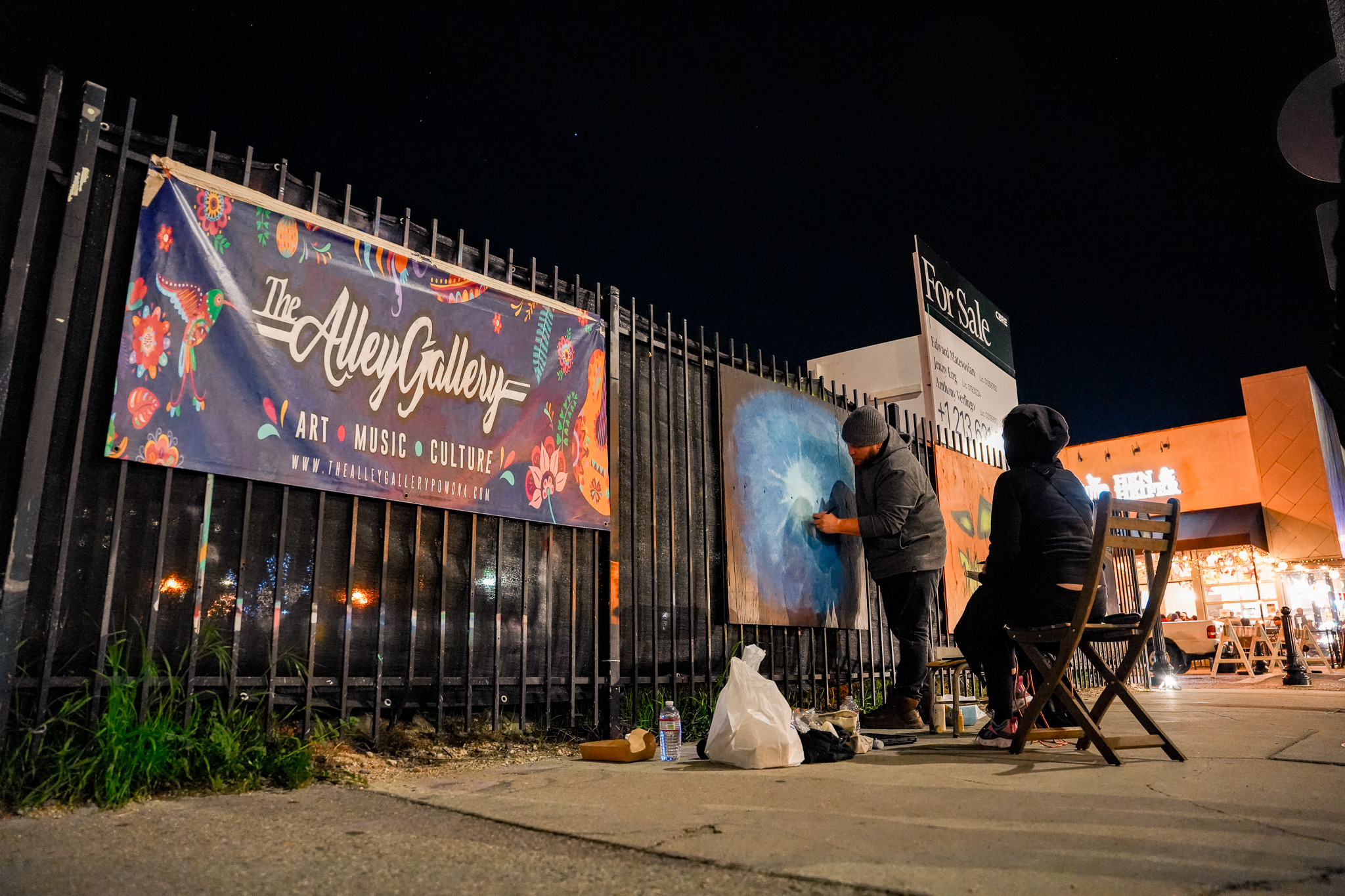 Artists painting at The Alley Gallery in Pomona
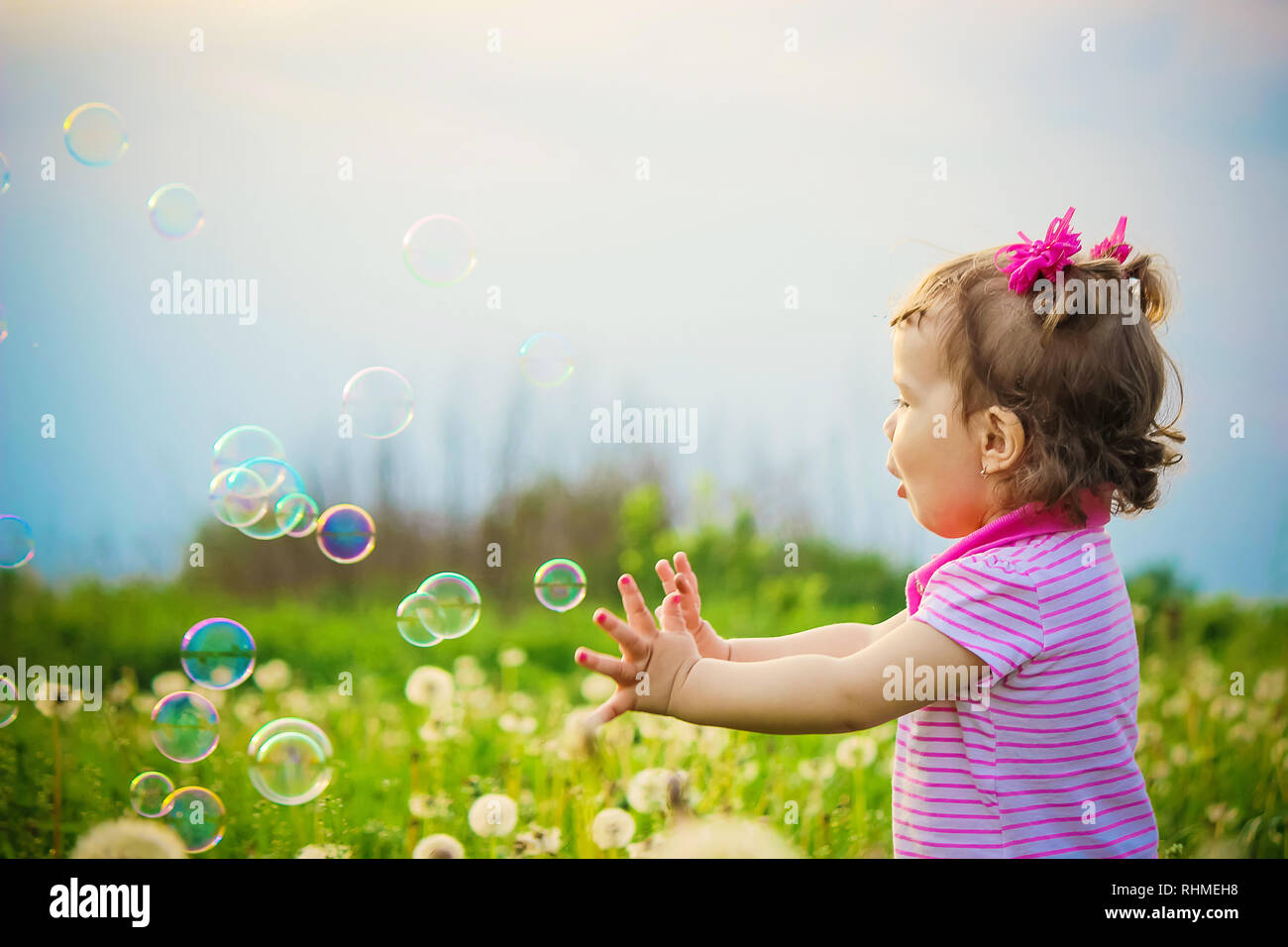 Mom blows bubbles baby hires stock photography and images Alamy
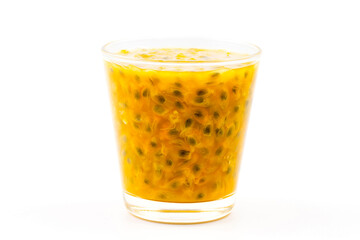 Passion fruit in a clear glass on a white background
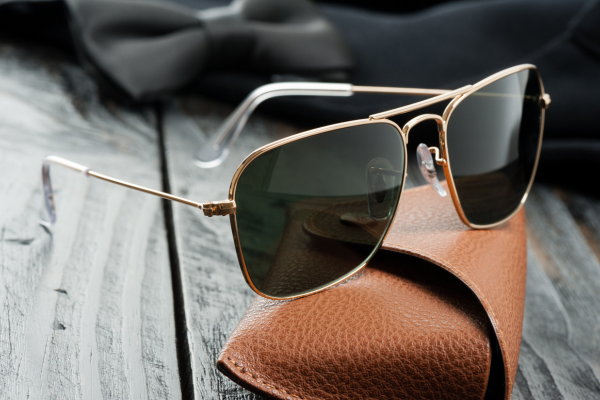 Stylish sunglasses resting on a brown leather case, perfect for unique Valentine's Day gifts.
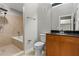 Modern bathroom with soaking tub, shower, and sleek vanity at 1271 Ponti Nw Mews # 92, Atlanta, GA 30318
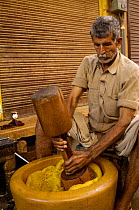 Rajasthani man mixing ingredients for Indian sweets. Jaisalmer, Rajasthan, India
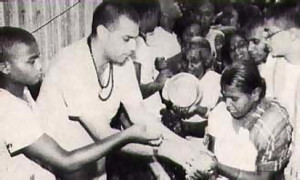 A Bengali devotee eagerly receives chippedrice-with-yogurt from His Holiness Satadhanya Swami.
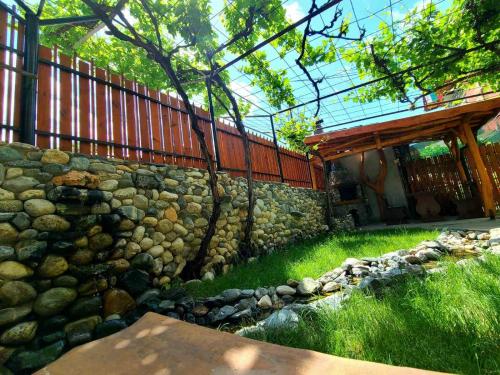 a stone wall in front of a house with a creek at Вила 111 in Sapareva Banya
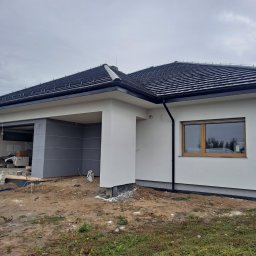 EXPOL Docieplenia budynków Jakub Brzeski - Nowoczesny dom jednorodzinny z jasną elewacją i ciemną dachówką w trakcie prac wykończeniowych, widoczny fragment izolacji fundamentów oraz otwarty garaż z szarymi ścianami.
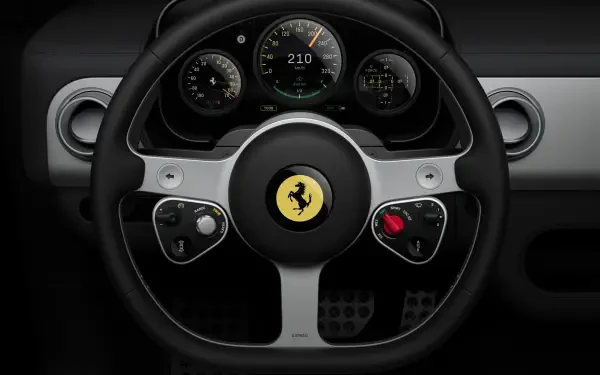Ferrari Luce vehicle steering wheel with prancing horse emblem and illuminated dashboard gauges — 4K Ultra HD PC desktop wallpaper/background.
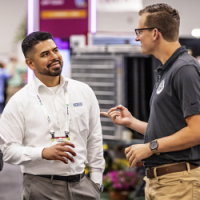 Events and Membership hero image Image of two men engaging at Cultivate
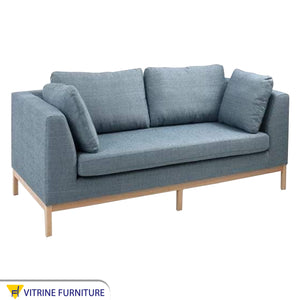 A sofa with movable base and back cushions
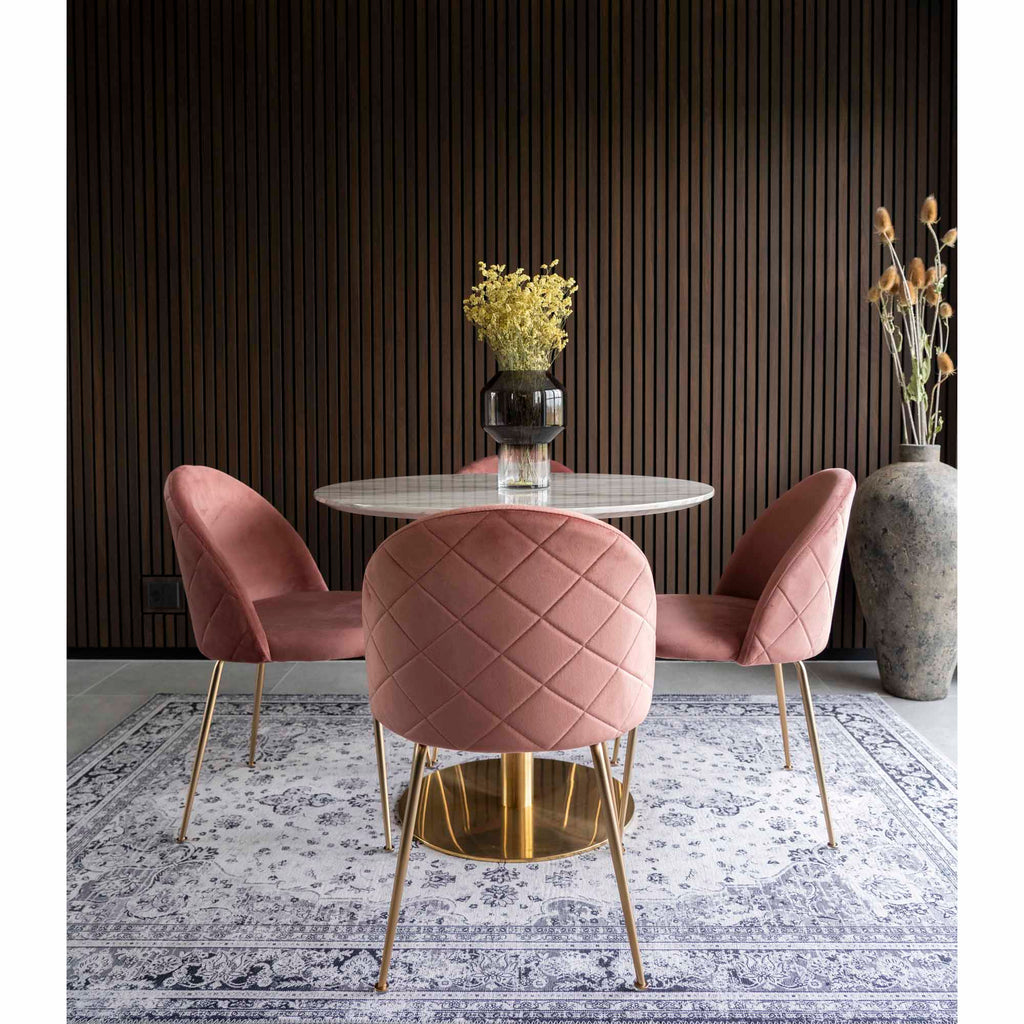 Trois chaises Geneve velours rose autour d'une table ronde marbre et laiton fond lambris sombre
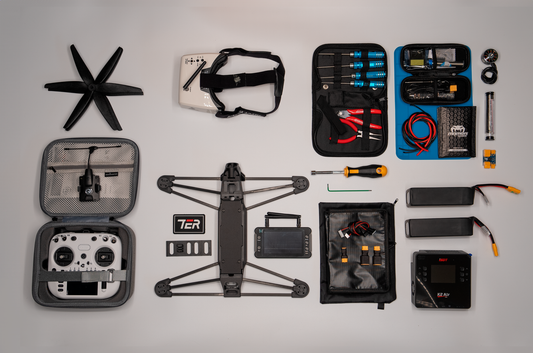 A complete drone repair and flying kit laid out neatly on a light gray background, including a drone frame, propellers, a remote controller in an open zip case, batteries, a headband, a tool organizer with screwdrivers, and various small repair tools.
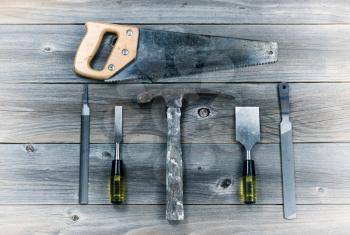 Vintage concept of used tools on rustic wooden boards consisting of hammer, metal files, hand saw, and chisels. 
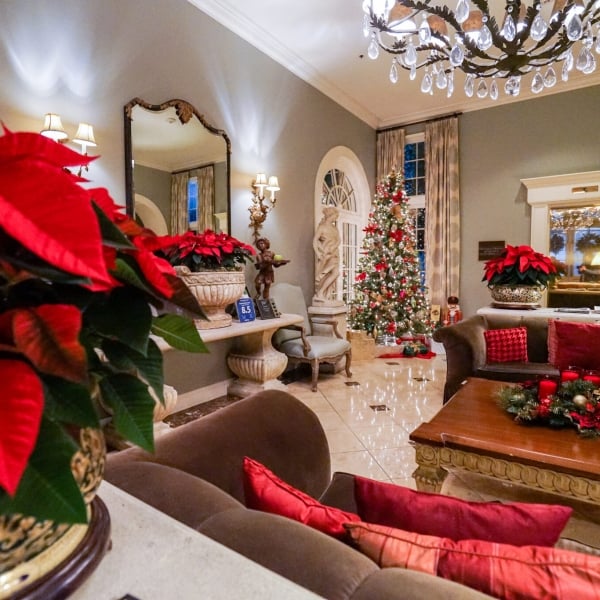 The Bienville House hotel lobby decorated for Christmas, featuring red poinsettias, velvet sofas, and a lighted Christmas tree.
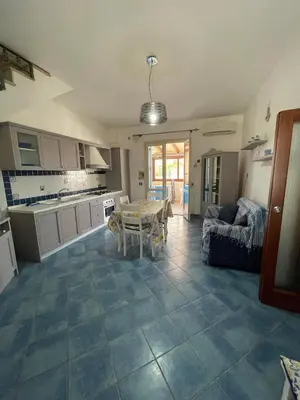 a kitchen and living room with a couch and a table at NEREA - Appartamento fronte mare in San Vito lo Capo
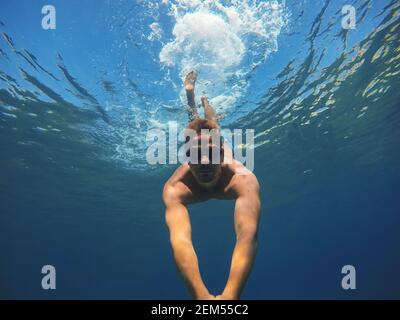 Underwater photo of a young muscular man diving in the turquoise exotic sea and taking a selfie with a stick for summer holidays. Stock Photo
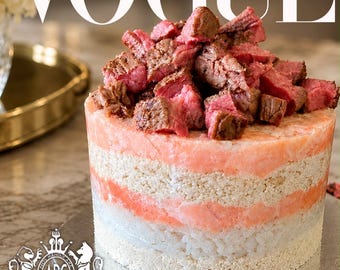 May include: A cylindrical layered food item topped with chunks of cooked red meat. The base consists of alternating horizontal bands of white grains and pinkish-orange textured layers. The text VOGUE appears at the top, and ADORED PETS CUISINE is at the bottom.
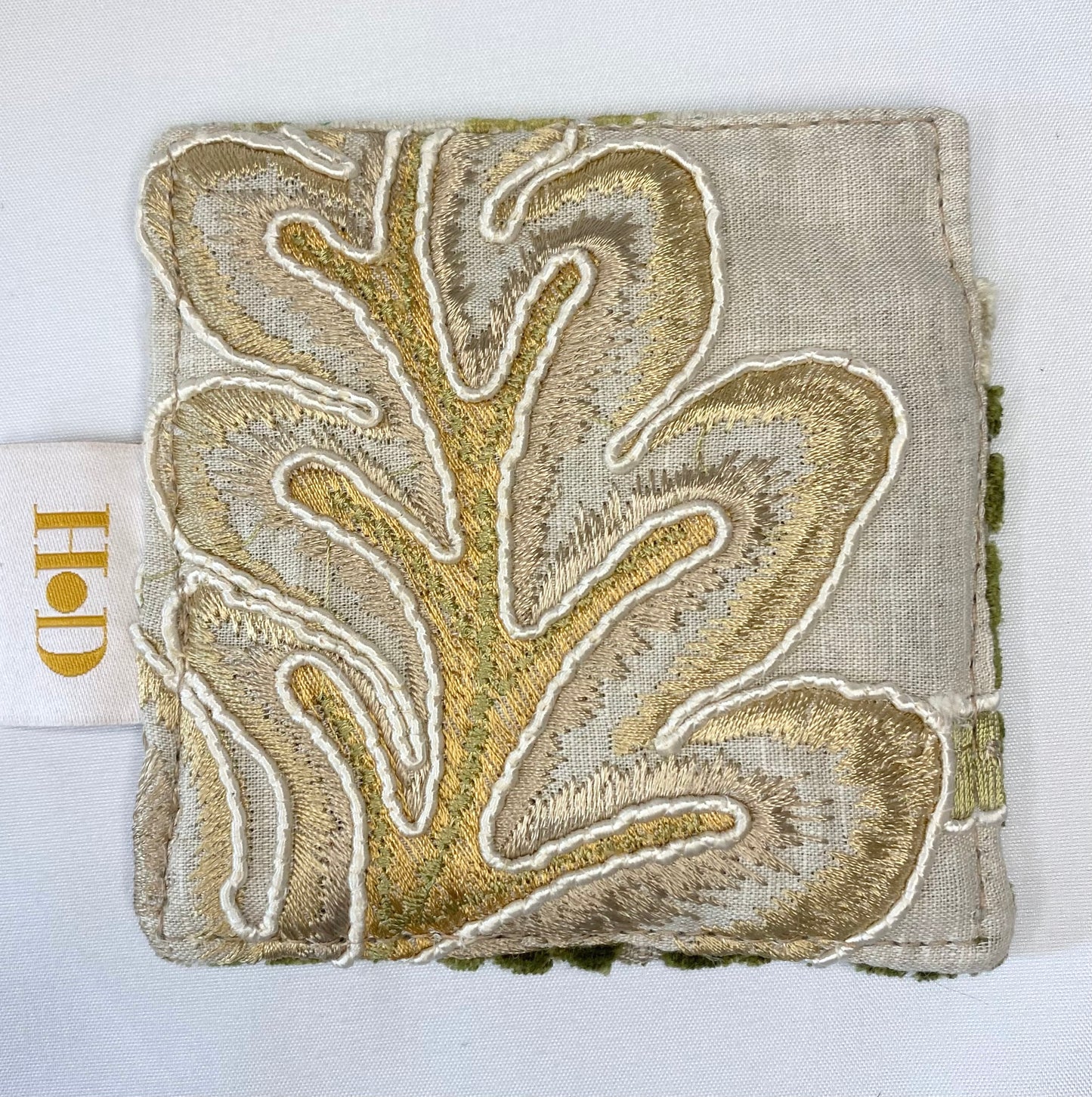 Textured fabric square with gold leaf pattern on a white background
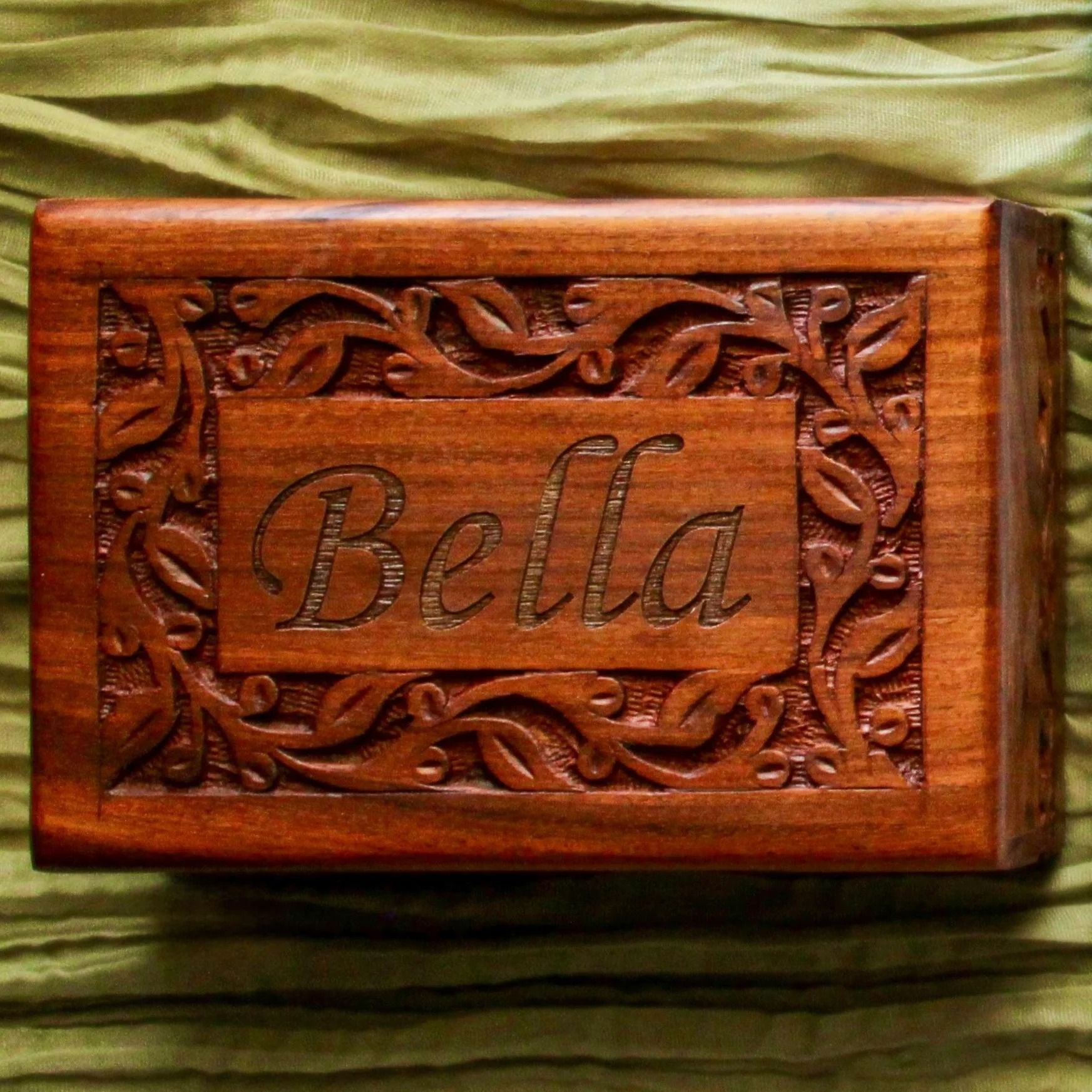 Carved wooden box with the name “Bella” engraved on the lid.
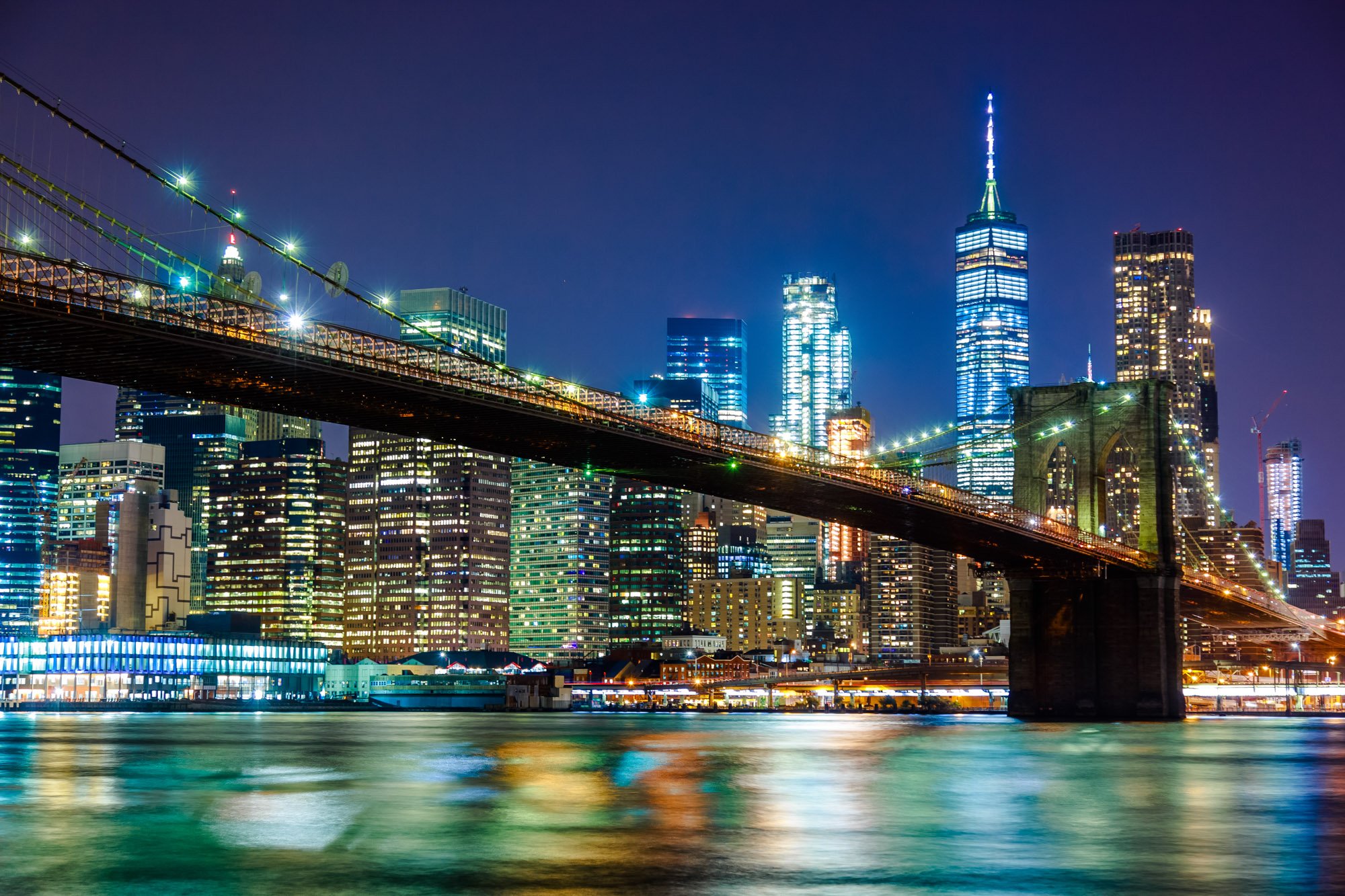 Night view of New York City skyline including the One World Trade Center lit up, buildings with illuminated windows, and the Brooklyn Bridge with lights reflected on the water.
☆ ☆ ☆
● Assigned task: Reproduce word for word, with pictures dropped, only the part of the material above that opens with the line containing "Modern bathroom with" and closes with the line containing "Events and Membership".

● Output below:
 Modern bathroom with soaking tub, shower, and sleek vanity at 1271 Ponti Nw Mews # 92, Atlanta, GA 30318
 Rajasthani man mixing ingredients for Indian sweets. Jaisalmer, Rajasthan, India
 A Bengali devotee eagerly receives chippedrice-with-yogurt from His Holiness Satadhanya Swami.
 a stone wall in front of a house with a creek at Вила 111 in Sapareva Banya
 EXPOL Docieplenia budynków Jakub Brzeski - Nowoczesny dom jednorodzinny z jasną elewacją i ciemną dachówką w trakcie prac wykończeniowych, widoczny fragment izolacji fundamentów oraz otwarty garaż z szarymi ścianami.
Ferrari Luce vehicle steering wheel with prancing horse emblem and illuminated dashboard gauges — 4K Ultra HD PC desktop wallpaper/background.
 Events and Membership hero image Image of two men engaging at Cultivate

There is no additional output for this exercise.